■ **DATA EXTRACTS**:
-------
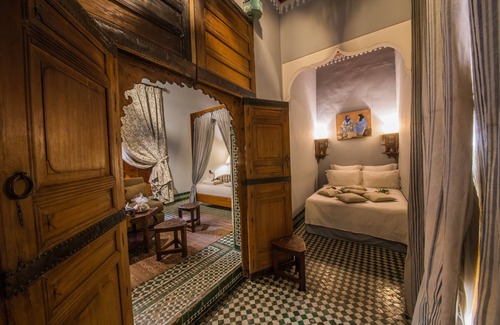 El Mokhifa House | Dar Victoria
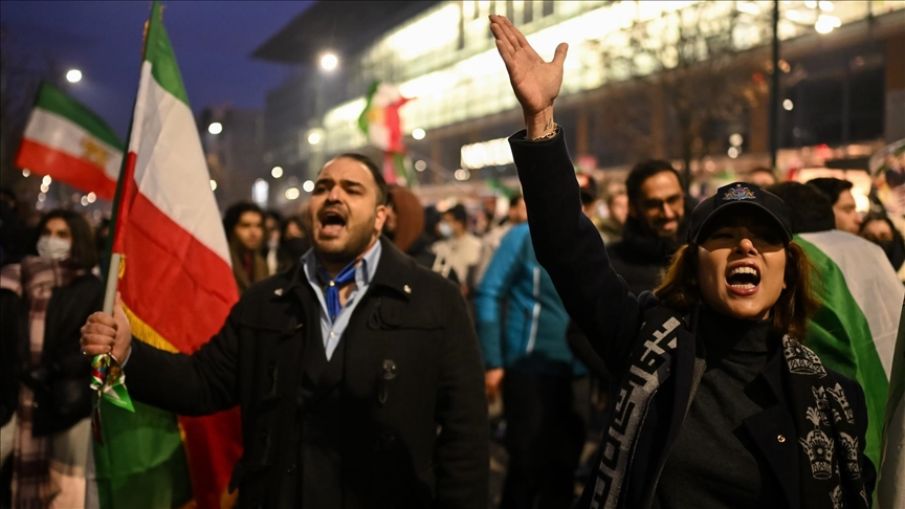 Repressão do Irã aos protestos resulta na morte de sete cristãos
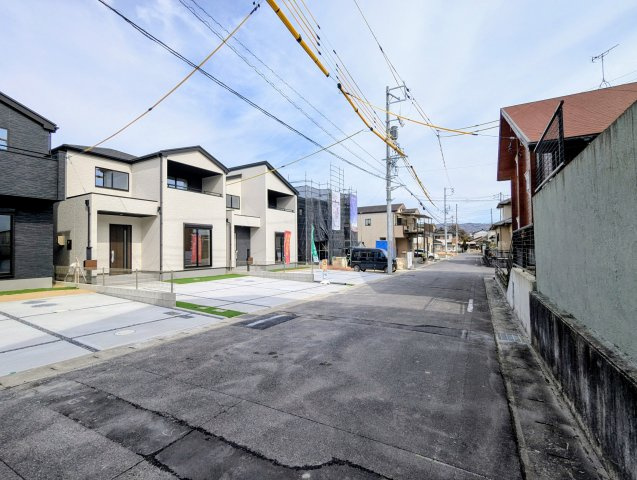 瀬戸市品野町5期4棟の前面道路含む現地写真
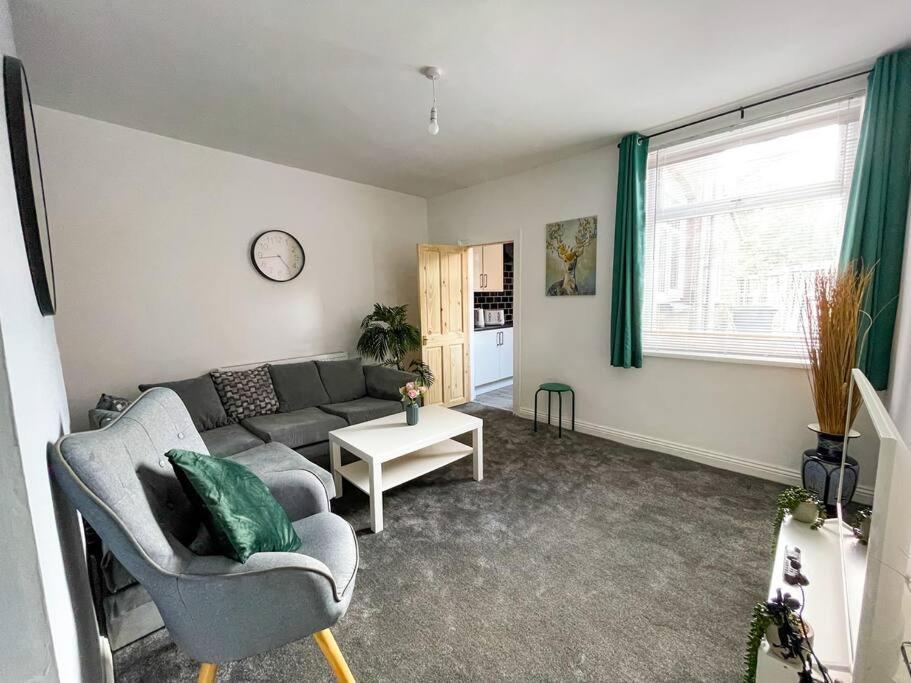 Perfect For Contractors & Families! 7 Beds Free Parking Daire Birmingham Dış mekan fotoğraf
-------
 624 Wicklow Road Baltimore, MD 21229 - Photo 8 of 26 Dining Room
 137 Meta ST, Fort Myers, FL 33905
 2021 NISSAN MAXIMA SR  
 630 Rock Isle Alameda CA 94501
-------
■ **WHAT THE TASK ASKS**:
Please set down, exactly and with no pictures, the lines in the entries above starting at the one holding "El Mokhifa House | Dar Victoria" and ending at the one holding "Perfect For Contractors", ends included.

■ **ANSWER TO THIS EXERCISE**:
 El Mokhifa House | Dar Victoria
 Repressão do Irã aos protestos resulta na morte de sete cristãos
 瀬戸市品野町5期4棟の前面道路含む現地写真
 Perfect For Contractors & Families! 7 Beds Free Parking Daire Birmingham Dış mekan fotoğraf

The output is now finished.